[Crawled caption data]
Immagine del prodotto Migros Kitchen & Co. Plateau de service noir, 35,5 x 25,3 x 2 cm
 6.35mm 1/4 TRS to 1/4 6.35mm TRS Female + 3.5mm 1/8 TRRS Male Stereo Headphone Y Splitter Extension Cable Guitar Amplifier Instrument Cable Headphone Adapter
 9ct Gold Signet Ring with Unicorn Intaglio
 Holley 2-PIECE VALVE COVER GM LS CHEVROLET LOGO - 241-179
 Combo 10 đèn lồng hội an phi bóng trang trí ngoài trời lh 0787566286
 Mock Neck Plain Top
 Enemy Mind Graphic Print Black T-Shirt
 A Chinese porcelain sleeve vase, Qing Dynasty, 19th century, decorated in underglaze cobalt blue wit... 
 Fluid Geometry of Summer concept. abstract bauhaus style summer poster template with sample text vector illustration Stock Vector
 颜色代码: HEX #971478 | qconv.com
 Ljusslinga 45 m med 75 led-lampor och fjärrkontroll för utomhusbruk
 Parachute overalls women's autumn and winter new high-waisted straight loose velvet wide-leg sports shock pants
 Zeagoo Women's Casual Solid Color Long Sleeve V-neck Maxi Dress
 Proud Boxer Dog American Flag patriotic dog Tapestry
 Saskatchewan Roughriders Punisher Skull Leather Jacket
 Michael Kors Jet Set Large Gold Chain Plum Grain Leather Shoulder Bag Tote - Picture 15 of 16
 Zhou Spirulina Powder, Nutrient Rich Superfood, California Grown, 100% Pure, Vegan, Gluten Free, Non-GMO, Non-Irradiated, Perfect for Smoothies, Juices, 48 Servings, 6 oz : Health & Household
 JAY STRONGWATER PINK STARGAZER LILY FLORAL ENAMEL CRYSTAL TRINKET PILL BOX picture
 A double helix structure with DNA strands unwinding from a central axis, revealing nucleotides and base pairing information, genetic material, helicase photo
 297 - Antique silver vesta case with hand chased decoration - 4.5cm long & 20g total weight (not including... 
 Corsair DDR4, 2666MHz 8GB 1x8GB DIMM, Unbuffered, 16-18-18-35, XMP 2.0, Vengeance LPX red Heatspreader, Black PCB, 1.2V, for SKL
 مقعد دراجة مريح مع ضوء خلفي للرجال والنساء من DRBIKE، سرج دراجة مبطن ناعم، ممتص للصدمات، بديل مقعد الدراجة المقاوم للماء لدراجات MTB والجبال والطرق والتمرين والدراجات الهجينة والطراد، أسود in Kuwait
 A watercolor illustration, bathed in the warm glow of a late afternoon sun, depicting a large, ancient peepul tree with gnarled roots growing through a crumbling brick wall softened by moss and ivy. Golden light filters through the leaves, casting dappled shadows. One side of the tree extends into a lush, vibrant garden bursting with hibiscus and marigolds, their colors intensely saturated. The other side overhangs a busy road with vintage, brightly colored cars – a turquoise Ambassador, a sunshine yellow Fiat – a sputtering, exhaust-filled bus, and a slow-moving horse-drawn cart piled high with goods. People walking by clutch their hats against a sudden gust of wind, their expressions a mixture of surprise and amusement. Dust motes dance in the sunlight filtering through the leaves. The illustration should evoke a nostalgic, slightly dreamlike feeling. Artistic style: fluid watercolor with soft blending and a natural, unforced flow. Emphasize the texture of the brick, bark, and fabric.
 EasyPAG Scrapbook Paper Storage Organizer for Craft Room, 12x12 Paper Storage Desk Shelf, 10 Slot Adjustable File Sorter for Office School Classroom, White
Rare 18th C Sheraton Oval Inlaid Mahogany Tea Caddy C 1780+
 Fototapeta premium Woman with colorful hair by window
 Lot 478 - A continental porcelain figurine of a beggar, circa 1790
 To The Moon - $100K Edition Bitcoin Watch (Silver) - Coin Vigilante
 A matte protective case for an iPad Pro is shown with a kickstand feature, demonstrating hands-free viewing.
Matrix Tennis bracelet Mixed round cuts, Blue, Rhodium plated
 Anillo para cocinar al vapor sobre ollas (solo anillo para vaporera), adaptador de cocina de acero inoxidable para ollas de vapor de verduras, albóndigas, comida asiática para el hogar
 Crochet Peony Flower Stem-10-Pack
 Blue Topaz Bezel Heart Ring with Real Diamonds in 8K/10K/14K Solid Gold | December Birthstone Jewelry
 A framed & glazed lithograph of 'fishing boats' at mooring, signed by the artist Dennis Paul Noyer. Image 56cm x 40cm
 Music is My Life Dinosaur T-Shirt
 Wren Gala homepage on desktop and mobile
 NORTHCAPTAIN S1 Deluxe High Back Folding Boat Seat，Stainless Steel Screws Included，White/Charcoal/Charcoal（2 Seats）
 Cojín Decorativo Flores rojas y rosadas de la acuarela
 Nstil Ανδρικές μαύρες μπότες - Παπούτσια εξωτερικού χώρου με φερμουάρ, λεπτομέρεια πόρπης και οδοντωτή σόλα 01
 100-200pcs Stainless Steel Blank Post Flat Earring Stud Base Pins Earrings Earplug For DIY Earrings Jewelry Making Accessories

Work task =
Your answer should consist of the lines from the line with "9ct Gold Signet Ring with Unicorn Intaglio" to the line with "A Chinese porcelain" above, repeated exactly, both ends included.

Finished exercise =
 9ct Gold Signet Ring with Unicorn Intaglio
 Holley 2-PIECE VALVE COVER GM LS CHEVROLET LOGO - 241-179
 Combo 10 đèn lồng hội an phi bóng trang trí ngoài trời lh 0787566286
 Mock Neck Plain Top
 Enemy Mind Graphic Print Black T-Shirt
 A Chinese porcelain sleeve vase, Qing Dynasty, 19th century, decorated in underglaze cobalt blue wit... 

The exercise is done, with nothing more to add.